■ Stored items
———

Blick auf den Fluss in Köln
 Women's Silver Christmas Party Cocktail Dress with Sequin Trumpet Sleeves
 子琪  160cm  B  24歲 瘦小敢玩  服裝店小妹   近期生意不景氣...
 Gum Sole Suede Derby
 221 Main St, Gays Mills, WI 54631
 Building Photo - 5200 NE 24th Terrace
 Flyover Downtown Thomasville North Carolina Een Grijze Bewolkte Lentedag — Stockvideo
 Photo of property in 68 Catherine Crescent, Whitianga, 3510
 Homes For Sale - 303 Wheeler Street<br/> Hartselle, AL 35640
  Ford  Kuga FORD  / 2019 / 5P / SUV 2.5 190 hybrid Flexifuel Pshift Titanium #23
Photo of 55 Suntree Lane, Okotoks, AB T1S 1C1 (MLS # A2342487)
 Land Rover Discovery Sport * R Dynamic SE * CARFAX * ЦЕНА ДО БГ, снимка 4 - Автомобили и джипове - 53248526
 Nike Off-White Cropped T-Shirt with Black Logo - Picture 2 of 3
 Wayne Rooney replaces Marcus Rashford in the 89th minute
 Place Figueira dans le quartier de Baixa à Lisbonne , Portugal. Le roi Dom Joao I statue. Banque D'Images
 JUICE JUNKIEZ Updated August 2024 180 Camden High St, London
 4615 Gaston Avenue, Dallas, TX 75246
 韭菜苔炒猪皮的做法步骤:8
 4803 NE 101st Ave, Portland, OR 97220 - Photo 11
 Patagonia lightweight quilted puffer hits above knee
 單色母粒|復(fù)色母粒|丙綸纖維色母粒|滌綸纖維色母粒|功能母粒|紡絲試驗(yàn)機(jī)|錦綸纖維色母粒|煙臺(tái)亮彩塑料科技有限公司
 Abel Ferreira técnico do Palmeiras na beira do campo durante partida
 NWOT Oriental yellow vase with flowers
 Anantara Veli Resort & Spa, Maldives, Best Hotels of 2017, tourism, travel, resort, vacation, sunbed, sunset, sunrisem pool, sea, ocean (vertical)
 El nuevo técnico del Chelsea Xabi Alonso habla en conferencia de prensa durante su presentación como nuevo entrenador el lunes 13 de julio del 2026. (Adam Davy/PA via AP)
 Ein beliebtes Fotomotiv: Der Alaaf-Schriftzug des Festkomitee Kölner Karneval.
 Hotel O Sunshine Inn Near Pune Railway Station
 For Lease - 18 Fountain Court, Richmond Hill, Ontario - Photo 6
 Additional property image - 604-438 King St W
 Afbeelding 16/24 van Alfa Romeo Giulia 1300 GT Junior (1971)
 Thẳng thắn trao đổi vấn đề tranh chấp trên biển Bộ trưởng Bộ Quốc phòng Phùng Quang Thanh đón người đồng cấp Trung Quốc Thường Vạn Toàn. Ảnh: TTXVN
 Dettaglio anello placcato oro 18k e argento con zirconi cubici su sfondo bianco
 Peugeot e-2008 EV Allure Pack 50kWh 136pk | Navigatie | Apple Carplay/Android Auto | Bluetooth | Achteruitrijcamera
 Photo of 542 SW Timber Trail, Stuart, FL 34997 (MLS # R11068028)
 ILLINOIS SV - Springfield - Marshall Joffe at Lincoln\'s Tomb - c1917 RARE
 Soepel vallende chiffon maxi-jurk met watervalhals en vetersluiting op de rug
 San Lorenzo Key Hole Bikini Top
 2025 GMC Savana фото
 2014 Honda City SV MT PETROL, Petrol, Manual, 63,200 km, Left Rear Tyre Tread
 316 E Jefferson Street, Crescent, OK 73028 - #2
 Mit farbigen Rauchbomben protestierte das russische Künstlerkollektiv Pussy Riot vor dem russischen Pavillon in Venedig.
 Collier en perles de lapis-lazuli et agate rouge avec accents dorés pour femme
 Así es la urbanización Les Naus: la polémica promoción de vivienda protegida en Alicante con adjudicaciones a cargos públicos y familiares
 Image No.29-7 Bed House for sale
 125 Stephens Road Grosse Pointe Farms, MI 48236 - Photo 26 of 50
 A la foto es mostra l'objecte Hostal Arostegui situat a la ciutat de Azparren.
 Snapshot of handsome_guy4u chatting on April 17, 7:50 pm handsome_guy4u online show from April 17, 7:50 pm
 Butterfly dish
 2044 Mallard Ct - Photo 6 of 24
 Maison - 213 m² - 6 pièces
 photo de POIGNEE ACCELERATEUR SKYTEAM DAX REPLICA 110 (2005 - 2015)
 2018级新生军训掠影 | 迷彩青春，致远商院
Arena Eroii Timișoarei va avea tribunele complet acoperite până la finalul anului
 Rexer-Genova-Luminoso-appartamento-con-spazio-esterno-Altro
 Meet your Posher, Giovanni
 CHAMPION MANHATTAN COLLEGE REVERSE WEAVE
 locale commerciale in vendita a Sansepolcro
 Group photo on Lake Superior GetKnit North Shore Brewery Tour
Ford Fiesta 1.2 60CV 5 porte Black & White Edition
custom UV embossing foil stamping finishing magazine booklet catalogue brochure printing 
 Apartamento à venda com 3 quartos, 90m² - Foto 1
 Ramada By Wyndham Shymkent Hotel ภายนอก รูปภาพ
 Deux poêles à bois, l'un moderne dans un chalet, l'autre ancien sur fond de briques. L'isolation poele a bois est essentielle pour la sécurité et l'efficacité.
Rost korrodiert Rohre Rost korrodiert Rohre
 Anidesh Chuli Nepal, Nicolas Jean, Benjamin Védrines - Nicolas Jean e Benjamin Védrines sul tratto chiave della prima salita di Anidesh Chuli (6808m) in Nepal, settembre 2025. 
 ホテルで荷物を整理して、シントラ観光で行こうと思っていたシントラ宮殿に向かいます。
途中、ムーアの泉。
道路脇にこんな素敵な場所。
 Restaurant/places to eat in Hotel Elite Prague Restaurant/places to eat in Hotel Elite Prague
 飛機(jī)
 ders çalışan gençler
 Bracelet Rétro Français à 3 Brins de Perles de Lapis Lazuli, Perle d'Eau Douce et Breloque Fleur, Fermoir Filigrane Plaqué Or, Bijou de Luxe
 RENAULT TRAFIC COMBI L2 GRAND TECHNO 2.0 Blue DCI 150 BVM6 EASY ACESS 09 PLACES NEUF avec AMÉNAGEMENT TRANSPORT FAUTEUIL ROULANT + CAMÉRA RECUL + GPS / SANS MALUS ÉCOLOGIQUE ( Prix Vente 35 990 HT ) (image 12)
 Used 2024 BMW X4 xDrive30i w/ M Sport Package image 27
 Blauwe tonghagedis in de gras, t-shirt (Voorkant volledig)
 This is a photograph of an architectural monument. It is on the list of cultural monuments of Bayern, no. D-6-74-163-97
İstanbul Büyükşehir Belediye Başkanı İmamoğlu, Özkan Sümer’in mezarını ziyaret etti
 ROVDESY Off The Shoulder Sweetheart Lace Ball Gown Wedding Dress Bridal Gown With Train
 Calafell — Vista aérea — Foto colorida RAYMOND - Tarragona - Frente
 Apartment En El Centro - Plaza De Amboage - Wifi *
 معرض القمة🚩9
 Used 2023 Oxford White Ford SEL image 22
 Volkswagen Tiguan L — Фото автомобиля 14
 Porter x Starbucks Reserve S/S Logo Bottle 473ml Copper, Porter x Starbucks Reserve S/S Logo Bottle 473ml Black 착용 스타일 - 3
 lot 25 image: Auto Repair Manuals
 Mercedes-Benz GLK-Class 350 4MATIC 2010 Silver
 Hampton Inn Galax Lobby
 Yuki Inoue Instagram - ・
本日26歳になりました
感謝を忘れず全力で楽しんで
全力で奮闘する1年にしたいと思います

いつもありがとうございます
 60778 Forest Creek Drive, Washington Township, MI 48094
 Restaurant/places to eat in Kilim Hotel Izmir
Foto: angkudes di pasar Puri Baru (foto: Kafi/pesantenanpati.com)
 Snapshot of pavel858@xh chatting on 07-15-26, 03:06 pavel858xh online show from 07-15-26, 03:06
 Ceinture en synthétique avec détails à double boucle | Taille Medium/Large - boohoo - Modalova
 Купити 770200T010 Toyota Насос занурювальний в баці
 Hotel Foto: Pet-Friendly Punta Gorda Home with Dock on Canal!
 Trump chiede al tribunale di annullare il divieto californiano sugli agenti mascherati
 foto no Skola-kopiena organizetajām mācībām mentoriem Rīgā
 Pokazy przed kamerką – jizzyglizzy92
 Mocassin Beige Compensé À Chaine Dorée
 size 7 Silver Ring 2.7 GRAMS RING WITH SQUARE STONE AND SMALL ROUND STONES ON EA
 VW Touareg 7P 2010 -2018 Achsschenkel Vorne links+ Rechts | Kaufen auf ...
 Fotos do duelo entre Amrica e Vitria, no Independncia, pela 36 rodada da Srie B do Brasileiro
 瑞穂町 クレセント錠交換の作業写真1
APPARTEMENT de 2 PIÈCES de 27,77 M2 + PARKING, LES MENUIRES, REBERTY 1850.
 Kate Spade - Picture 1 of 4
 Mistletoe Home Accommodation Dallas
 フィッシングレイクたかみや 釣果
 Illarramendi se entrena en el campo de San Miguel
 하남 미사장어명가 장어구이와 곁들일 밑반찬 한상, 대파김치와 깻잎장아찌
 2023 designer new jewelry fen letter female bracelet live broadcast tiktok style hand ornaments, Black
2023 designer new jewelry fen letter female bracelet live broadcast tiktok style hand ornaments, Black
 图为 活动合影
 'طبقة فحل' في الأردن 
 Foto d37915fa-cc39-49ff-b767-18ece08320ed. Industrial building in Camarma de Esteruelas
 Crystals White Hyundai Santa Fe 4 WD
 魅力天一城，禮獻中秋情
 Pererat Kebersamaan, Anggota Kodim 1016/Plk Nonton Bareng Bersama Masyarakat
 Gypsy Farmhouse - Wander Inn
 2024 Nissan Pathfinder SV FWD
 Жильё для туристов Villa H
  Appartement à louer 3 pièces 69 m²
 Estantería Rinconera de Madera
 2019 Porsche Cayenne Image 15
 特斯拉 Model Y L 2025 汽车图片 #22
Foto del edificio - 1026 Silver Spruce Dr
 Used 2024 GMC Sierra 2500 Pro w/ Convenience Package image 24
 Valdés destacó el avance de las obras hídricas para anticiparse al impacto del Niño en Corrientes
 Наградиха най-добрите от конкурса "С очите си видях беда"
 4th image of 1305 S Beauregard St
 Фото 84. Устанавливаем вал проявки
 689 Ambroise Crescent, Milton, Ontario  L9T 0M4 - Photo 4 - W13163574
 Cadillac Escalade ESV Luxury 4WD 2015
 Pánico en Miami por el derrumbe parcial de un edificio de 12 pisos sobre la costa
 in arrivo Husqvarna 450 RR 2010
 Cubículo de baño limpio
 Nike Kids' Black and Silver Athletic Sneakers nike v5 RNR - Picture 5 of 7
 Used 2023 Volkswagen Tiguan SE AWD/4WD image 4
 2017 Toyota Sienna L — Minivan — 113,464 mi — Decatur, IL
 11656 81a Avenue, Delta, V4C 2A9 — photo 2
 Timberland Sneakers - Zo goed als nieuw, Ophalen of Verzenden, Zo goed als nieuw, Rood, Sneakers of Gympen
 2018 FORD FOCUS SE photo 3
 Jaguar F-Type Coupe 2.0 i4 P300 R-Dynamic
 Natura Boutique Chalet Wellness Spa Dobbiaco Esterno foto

———

■ WORK INSTRUCTIONS
What you write must be the entries restated word for word, from the opening line through the one holding "Nike Off-White Cropped", with nothing else.

■ TASK OUTPUT
Blick auf den Fluss in Köln
 Women's Silver Christmas Party Cocktail Dress with Sequin Trumpet Sleeves
 子琪  160cm  B  24歲 瘦小敢玩  服裝店小妹   近期生意不景氣...
 Gum Sole Suede Derby
 221 Main St, Gays Mills, WI 54631
 Building Photo - 5200 NE 24th Terrace
 Flyover Downtown Thomasville North Carolina Een Grijze Bewolkte Lentedag — Stockvideo
 Photo of property in 68 Catherine Crescent, Whitianga, 3510
 Homes For Sale - 303 Wheeler Street<br/> Hartselle, AL 35640
  Ford  Kuga FORD  / 2019 / 5P / SUV 2.5 190 hybrid Flexifuel Pshift Titanium #23
Photo of 55 Suntree Lane, Okotoks, AB T1S 1C1 (MLS # A2342487)
 Land Rover Discovery Sport * R Dynamic SE * CARFAX * ЦЕНА ДО БГ, снимка 4 - Автомобили и джипове - 53248526
 Nike Off-White Cropped T-Shirt with Black Logo - Picture 2 of 3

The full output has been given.